Doch nun, in Basel, löste sich dieser Knoten plötzlich. Auf einmal konnte ich wieder denken, ordnen, entscheiden. Innerhalb von zwei Stunden waren die wichtigsten E-Mails geschrieben, die nächsten Schritte geklärt, und vieles, was vorher kompliziert gewirkt hatte, fügte sich in eine Richtung.
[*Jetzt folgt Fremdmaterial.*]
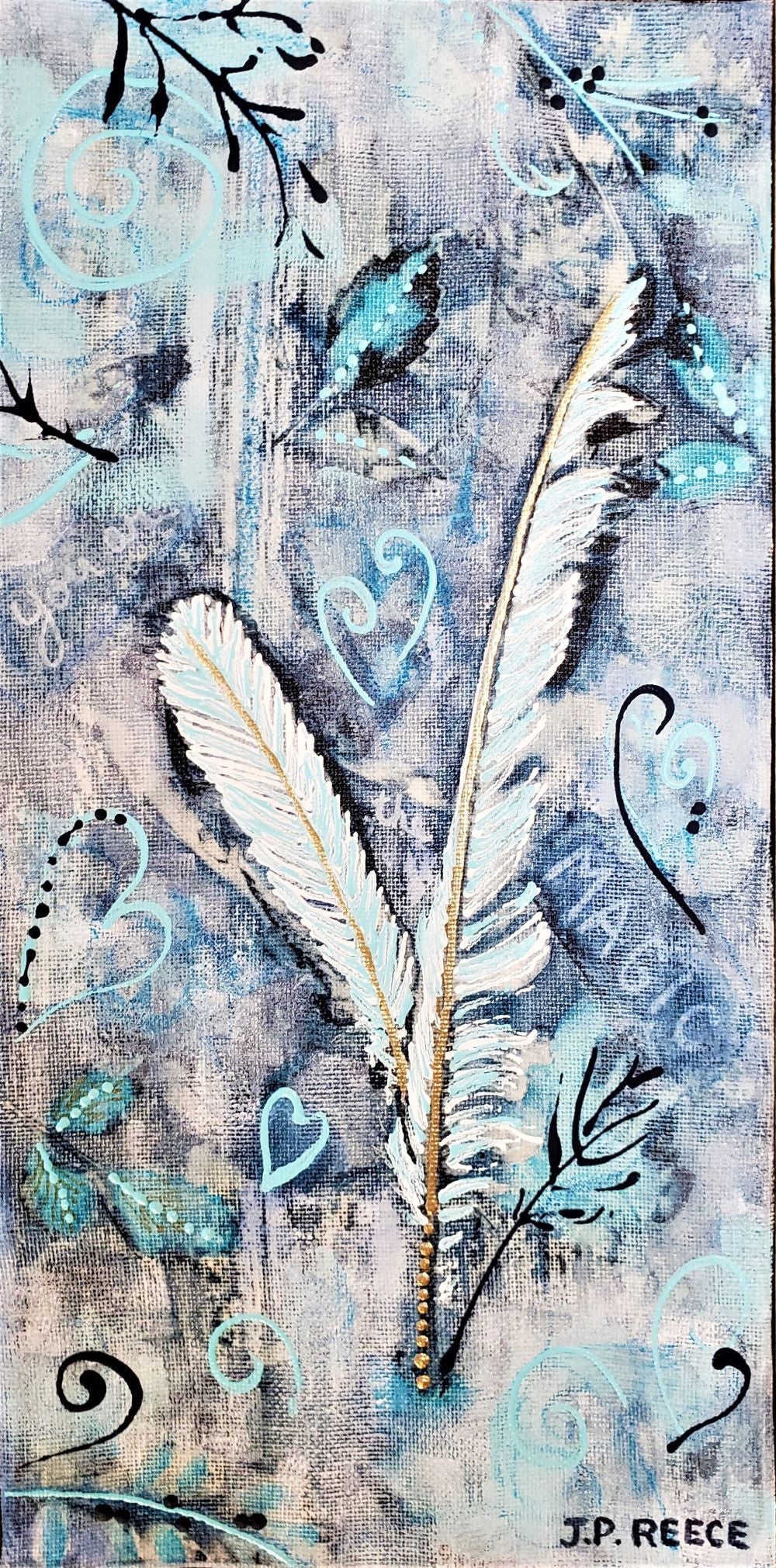 Canvas sunprint painting with feathers on it Called You Are The Magic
Vielleicht hatte ich genau das gebraucht: ein paar Tage, in denen ich nicht weitergehen musste. Der schwere Rucksack lag nicht auf meinen Schultern, und mein Körper arbeitete in einem anderen Rhythmus. Nicht Schritt für Schritt gegen die Schwerkraft, sondern mit dem Wasser, mit dem Paddel, mit dem, was der Fluss gerade hergab.
Natürlich war auch dieses Fließen nicht mühelos. Es gab Kälte, Regen, Gegenwind, Wehre und lange Abschnitte ohne Strömung. Aber vielleicht machte gerade das den Unterschied: Ich musste die Bewegung nicht allein erzwingen.
Manchmal trägt einen der Fluss.
Manchmal muss man paddeln.
Und manchmal genügt es, unter einer Eiche zu sitzen und dem Regen zuzuhören, bis es weitergeht.